After setting the formal idiom, creativity and innovation will be added under the co-balance
between the knowing order and unknowing experiment despite the established order being
interrogated or destabilized (Sakellaridou, I. 2011, p174). The limitation of formal structure
and constant order could be the fetters that you may hesitate to modify or bring in the
transformation which is also the prerequisite of innovation and creativity.

The former symmetry relationship between poem and architecture indicates a duality of
significance and signification in the meaning of architectural form. The latter one indicates
the diachronic evolvement in the formal order of personal idiom. The interrelation between
them is what we need to apply to the practice to perform a good dance with all these pre-
structures, priorities being assistance rather than limitation.
Reference
Bliss Perry,A Study of Poetry(I didn't find the reference information of the book)
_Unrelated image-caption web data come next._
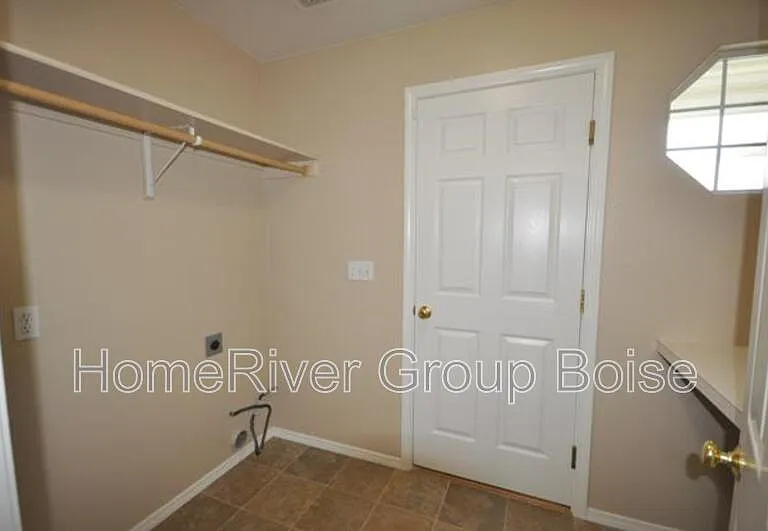 3044 N Sagefire Ave — Photo 7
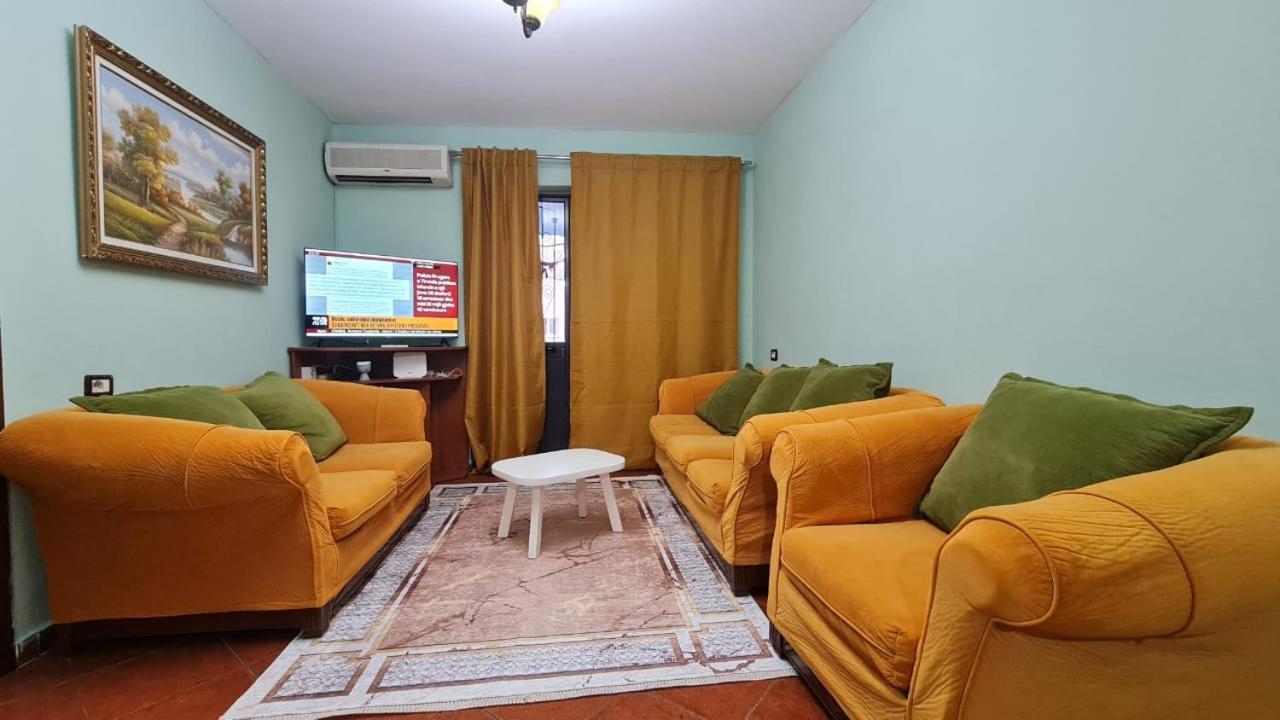 Calmly, Spacious Apartment Next To Usa Embassy Tiranë Eksteriør bilde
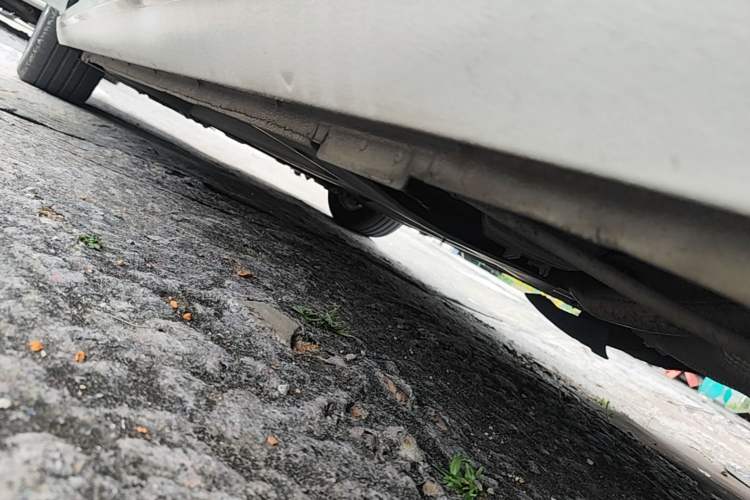 Used Citroen C4L 2014 1.8L Intelligent Drive Manual Enjoyment Model Left Side Sill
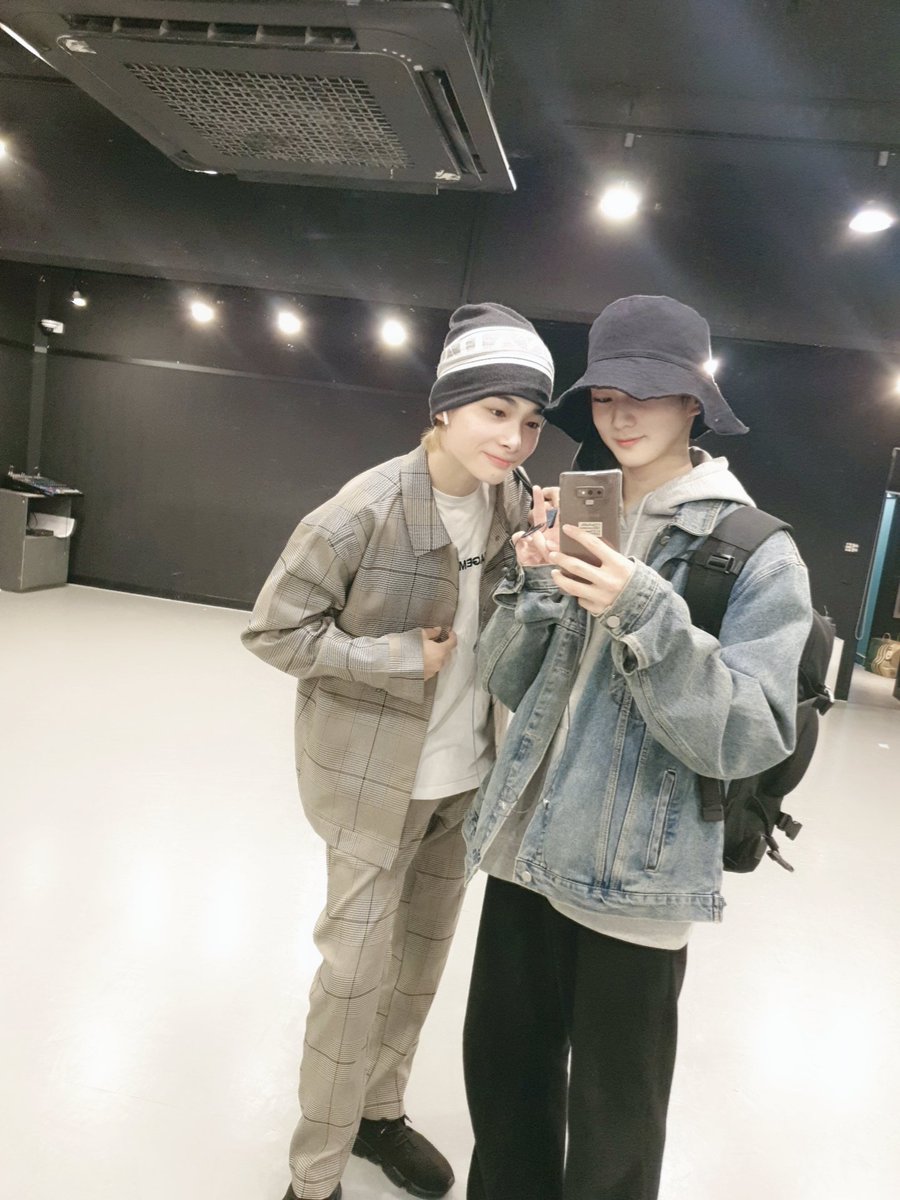 theneonsite's tweet photo. Hoy es día de ver la luz y quitarme el polvito del sótano (ft. un clingy Jaylen) porque el #𝐓ARA2ndℂ𝔹 no es algo que me quiera perder tbh. Además debo aprovechar y sacar mis dotes de main dancer con #Beep𝗕𝗼𝐓ARA. Bañen a Donita, digo, felicidades!

Mānji-𝐊iddo ⭐️ #KO𝔼𝕄I ! https://t.co/r6vAB5CnGd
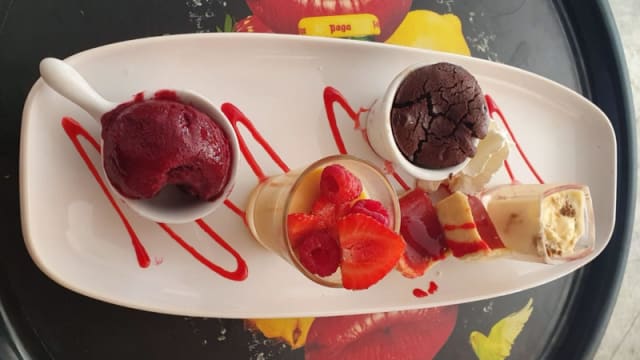 Café Gourmand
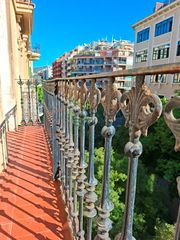Piso  Carrer de viladomat. Piso totalmente reformado en finca regia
Wen, Y. (1893). Form in Poetry. translated by Randy Trumbull, Modern Chinese Literary
Thought: Writings on Literature, 1945, 318-327.
Hillier, W.R.G., 2011. Is architectural form meaningless: a configurational theory of generic
meaning in architecture, and its limits. Journal of Space Syntax 2, 2 125 - 153. (2011),
pp.Journal of Space Syntax 2, 2 125–153. (2011).
Sakellaridou, I. (2011). Searching for order synchronic and diachronic aspects (of a
personal case). The Journal of Space Syntax, 2(2), 154-179.